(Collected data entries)
========================================
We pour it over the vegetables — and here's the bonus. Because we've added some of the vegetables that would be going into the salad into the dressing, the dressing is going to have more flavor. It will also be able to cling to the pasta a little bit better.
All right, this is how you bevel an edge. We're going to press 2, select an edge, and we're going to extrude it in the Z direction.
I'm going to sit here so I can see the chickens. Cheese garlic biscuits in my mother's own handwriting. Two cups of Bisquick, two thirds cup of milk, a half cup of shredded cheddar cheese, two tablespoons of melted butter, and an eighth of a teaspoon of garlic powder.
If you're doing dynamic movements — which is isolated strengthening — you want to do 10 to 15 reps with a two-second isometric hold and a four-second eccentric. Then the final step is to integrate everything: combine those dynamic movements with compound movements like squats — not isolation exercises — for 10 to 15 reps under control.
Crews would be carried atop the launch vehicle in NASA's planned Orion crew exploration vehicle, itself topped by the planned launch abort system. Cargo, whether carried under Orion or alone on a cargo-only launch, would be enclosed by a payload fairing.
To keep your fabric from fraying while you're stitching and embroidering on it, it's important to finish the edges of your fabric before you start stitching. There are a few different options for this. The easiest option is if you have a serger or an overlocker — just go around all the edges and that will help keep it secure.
========================================
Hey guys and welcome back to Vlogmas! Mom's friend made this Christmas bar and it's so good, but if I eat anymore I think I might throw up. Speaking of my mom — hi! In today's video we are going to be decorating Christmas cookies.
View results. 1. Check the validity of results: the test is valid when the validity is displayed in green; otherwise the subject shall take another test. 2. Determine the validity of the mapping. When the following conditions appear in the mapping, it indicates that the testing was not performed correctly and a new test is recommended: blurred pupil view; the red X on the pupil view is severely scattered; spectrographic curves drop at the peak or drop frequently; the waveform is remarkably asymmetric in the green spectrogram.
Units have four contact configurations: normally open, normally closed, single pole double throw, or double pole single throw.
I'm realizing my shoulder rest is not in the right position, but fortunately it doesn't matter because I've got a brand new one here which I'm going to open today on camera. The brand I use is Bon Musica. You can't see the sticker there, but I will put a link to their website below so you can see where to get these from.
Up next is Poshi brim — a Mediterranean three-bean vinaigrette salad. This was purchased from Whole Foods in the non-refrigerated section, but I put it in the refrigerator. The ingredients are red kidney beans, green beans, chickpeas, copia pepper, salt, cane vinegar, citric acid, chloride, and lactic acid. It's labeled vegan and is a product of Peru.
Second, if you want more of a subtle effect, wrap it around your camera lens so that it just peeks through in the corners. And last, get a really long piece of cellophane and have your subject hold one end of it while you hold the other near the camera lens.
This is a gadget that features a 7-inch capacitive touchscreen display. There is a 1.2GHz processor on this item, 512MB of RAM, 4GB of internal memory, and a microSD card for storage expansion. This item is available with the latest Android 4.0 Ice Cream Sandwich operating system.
========================================
__Exercise brief__: Your answer should be the exact lines above from the one with "All right, this" through the one with "To keep your", both included, and nothing besides.

__Final answer__:
All right, this is how you bevel an edge. We're going to press 2, select an edge, and we're going to extrude it in the Z direction.
I'm going to sit here so I can see the chickens. Cheese garlic biscuits in my mother's own handwriting. Two cups of Bisquick, two thirds cup of milk, a half cup of shredded cheddar cheese, two tablespoons of melted butter, and an eighth of a teaspoon of garlic powder.
If you're doing dynamic movements — which is isolated strengthening — you want to do 10 to 15 reps with a two-second isometric hold and a four-second eccentric. Then the final step is to integrate everything: combine those dynamic movements with compound movements like squats — not isolation exercises — for 10 to 15 reps under control.
Crews would be carried atop the launch vehicle in NASA's planned Orion crew exploration vehicle, itself topped by the planned launch abort system. Cargo, whether carried under Orion or alone on a cargo-only launch, would be enclosed by a payload fairing.
To keep your fabric from fraying while you're stitching and embroidering on it, it's important to finish the edges of your fabric before you start stitching. There are a few different options for this. The easiest option is if you have a serger or an overlocker — just go around all the edges and that will help keep it secure.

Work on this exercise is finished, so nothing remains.